You can route to a specific address, intersection, or city center, or choose from a list of recently searched destinations or saved locations. The unit is smart enough to gray out letters and numbers as you begin to input data for any cities or streets that do not match, making for faster text entry and selection. Strangely, if you want to plan a trip beyond your home state, you can't simply type in the name; instead you'll have to scroll through a list of the all the states and then select your locale--a bit of an annoyance. Once you've chosen your final destination, you can get a simulation of your route, view a list of turn-by-turn instructions, or add other stops for multidestination trips
For planned or impromptu pit stops, you can search the points of interest (POI) database, which is called Places on the GPS-500. It contains about 3 million POI and includes all the major necessities (gas stations, lodging, and banks/ATMs) and more specific categories, such as golf courses and concert halls. As with many of today's latest portable navigation systems, the GPS-500 also separates restaurants by cuisine type, so you can satisfy your craving for whatever type of food you want.
Maps are presented in 2D and 3D views and can automatically switch between day and night colors for optimal viewing. There are icons to zoom in and out of maps, and you have the option to have "north" set at the top of your screen or the direction in which you are driving. During a planned trip, the GPS-500 will also display onscreen information about the direction and distance to your next turn, current street name, estimated time of arrival, and remaining time and distance. This is, of course, all backed by voice-guided directions, but sadly, the GPS-500 does not support text-to-speech functionality. The system does do automatic route recalculations and includes a detour function.
Finally, the entertainment portion of the Harman Kardon Guide + Play GPS-500: the media player supports MP3, MP4, WMA, ASF, WAV, and OGG music files and also displays ID3 tag information and album art when available. There's a Repeat and Shuffle function, and you can browse tracks by artist, album, genre, or playlist. For videos, you can view MPEG-4 and WMV9 clips. The GPS-500's SD slot can accept up to 4GB cards and has a USB 2.0 interface for faster data transfer.

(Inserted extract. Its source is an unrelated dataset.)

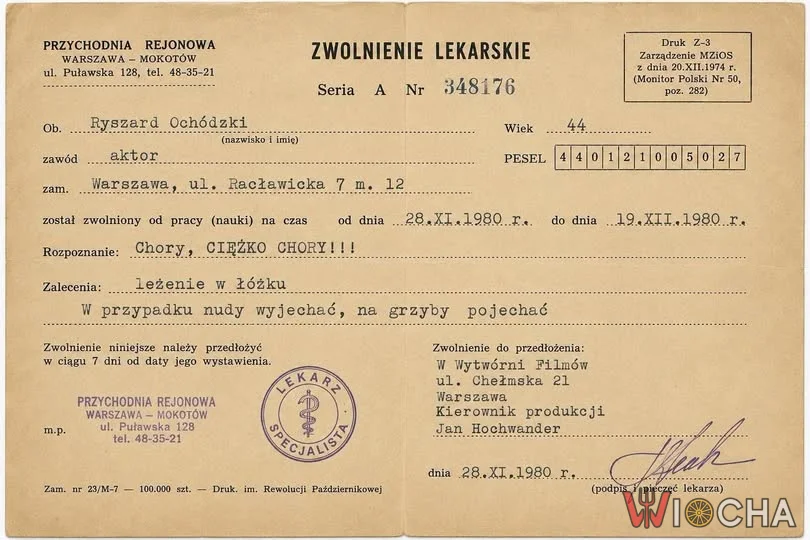 L-4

We tested the Harman Kardon Guide + Play GPS-500 in San Francisco, and from a cold start, it took the unit a solid 10 minutes to get a satellite fix under clear skies--an eternity when compared to other systems we've tested in the past, which only took a couple of minutes. Subsequent starts were faster, but still lagged behind competing products. On a brighter note, the receiver did a good job of tracking our position as we drove around the city.
When planning a trip, the GPS-500 quickly returned with directions, but we didn't always agree with the set of instructions. The system was able to get us to our final destination, but there were times where we knew of a more efficient route. We also purposely veered off track to test the route recalculation rate, and in general, the unit was able to give us new instructions before our next maneuver, but there was one instance where we took a succession of wrong turns, which seemed to confuse the system as it struggled to keep up with our moves. Voice prompts were loud and clear, though we did miss the text-to-speech functionality.
Multimedia performance was what we expected from a GPS device--mediocre. There was plenty of volume, but songs sounded one-dimensional and lacked richness, despite the high-fidelity speakers. The experience was much improved when we plugged in a nice pair of headphones and enjoyed some great-sounding tunes. Video playback was better than some other multimedia-centric portable nav systems we've tested, thanks to the wide and sharp screen. The Harman Kardon Guide + Play GPS-500's battery is rated for up to 5 hours of use.